▶ _DATA RECORDS_:
= Beginning of Section =

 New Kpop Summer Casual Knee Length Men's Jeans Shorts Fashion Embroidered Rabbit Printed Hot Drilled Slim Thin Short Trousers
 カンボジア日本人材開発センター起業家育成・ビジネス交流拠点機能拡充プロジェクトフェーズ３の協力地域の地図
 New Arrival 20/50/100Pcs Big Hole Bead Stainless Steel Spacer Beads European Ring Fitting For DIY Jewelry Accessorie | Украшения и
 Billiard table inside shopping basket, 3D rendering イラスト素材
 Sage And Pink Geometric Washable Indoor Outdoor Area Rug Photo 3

= End of Section =
= Beginning of Section =

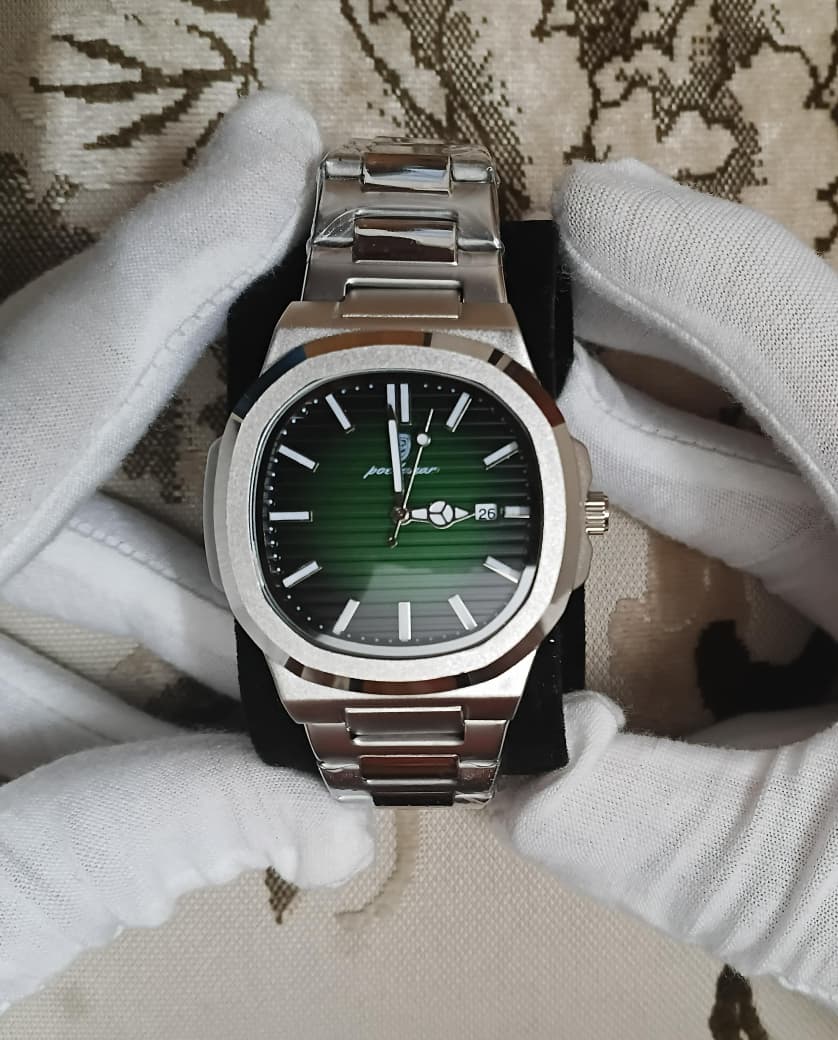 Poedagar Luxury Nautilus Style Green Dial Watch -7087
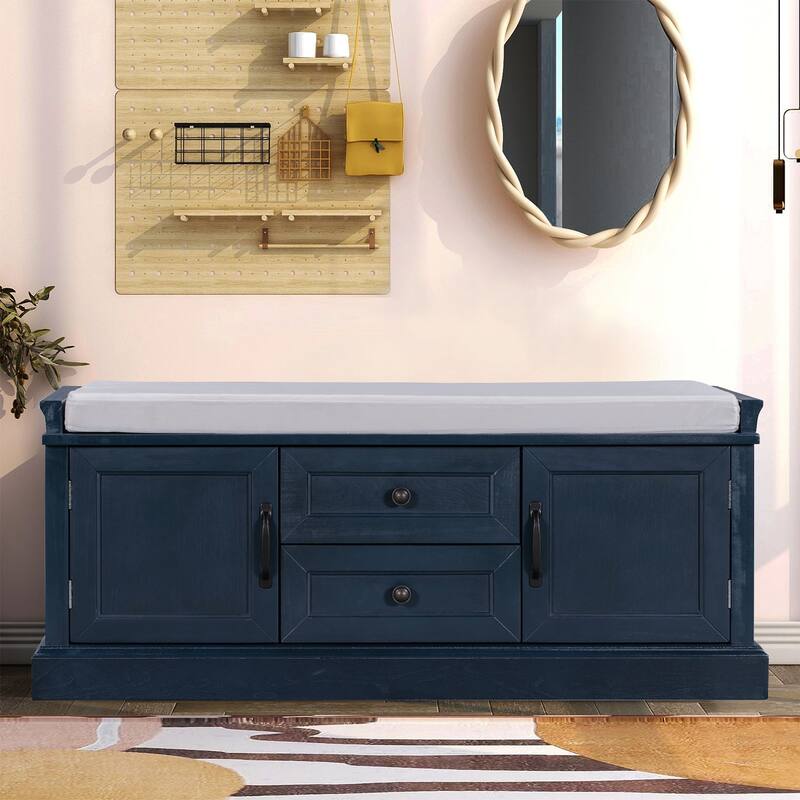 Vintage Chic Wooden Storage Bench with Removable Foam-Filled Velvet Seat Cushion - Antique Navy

= End of Section =
= Beginning of Section =

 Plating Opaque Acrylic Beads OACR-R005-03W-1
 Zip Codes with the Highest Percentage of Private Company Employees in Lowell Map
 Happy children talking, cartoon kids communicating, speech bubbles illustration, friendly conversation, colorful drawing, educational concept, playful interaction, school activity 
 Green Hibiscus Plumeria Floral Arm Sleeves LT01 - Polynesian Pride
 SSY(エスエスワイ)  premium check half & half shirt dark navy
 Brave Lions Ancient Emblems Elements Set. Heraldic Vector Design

= End of Section =

▶ _EXERCISE AIM_: Look back at the data above. Transcribe exactly the lines starting at the line that contains "Billiard table inside" and ending at the line that contains "Sage And Pink".

▶ _TASK RESULT_:
 Billiard table inside shopping basket, 3D rendering イラスト素材
 Sage And Pink Geometric Washable Indoor Outdoor Area Rug Photo 3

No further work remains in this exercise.